The Water Is Wide by Liz Gilbey.

Hardcover, published Robert Hale (London) 2010.
I can only say that this is an excellent example of a book that while ostensibly a romance, has all the ingredients that grab someone like me who isn’t that fixated on romance books. The background of a canal and canal boats is authoratative. The characters are real people and the dialogue is normal, unlike the characters and dialogue of too many other romance writers, (some dialogue I have read is so Edwardian as to be utterly unbelievable, no guy I’ve ever met speaks like that.) And the plot is solid, believable and pleasingly straightforward. I was hauled in to the story and background at once and read the book at a sitting.
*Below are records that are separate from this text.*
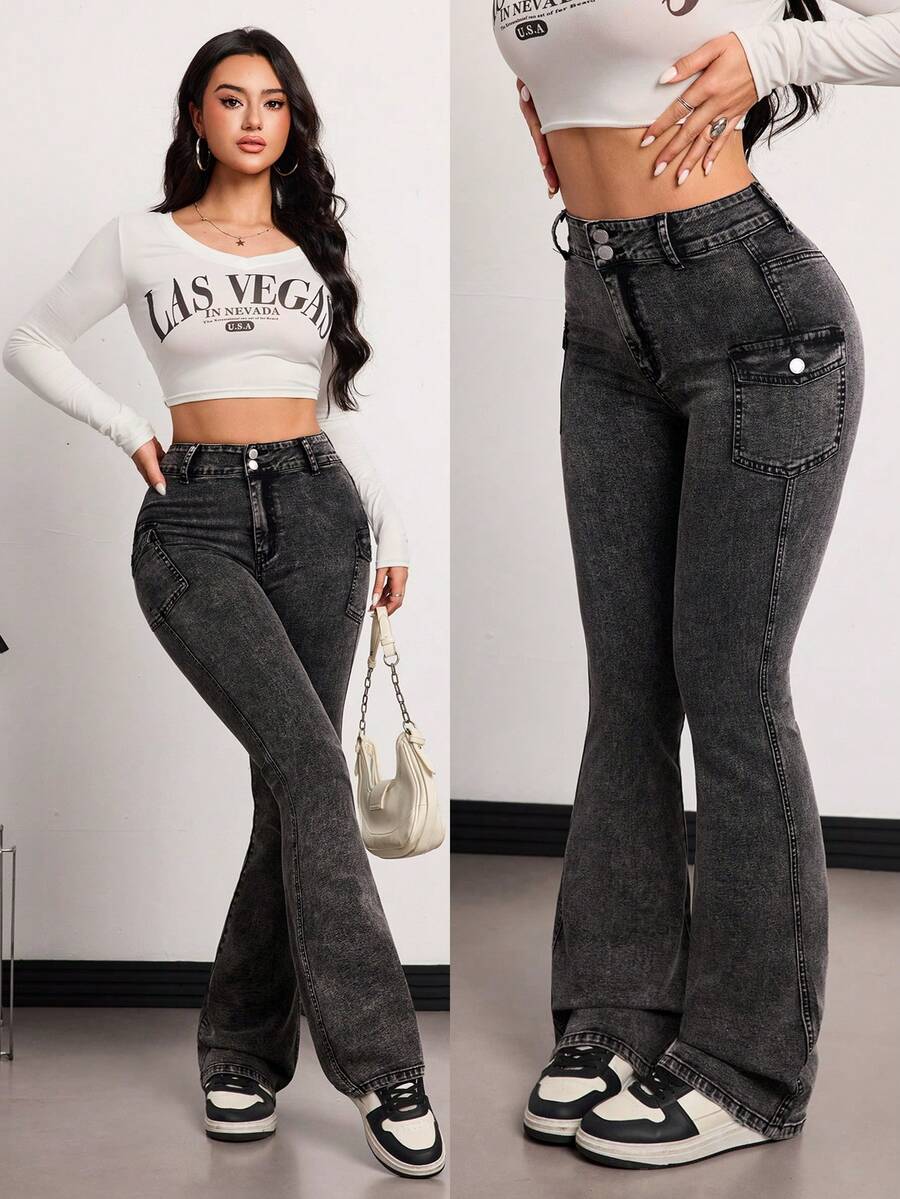 SHEIN Tall Quần jeans ống loe cạp cao có túi, kiểu dáng thường ngày, đa năng dành cho nữ, mùa xuân/hè. - màu đen - Xem 1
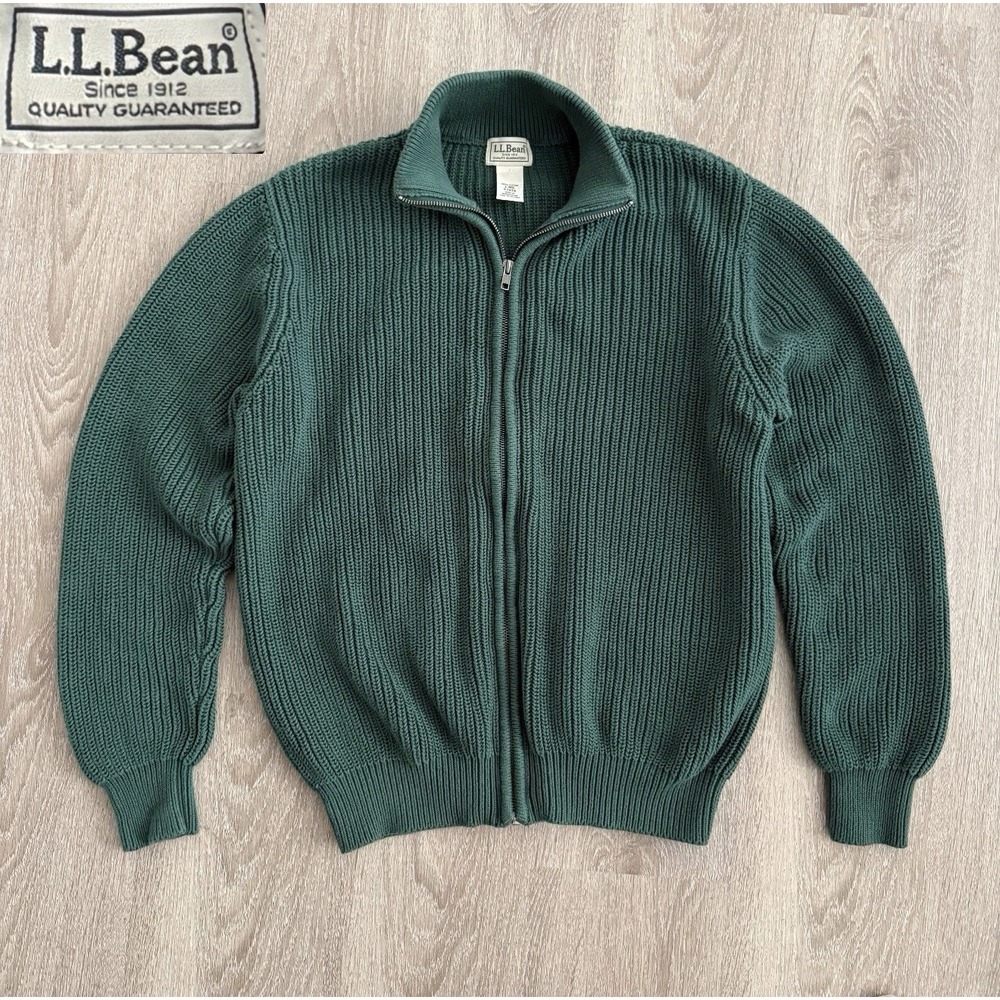 LL Bean Cotton Full Zip Sweater Cardigan Green Ribbed Knit Mock Neck Mens L Reg - Picture 1 of 16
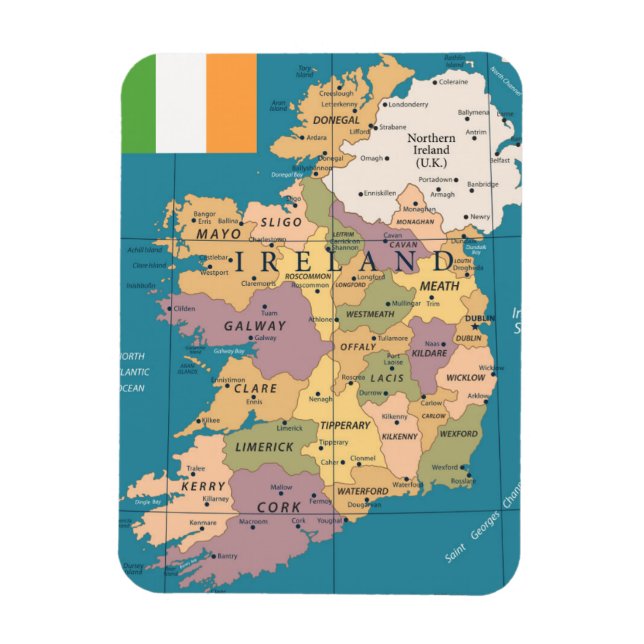 Magnet Flexible Carte vintage de l'Irlande (Vertical)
Michaela Webster (Mikki) has resigned from her job as an art teacher, and resigned too from her engagement. Now leaving London on her canal boat she is going to stay with family at the Bleakhall Canal in the Midlands while she decides where she goes from here. Where she goes seems, as the story progresses, to be in a number of directions at once as she accepts a job painting a canal boat for an old friend, work that may lead to better things, working as a waitress at the local tavern for extra cash, and keeping an eye on her unruly teenage neice. There was nothing impossible or even unlikely in the plot,. this is a well-written book that reads from chapter to chapter in quiet progression and I loved it. It’s gone into the ‘permanent’ section on my bookshelves, and I hope the author writes more like this soon.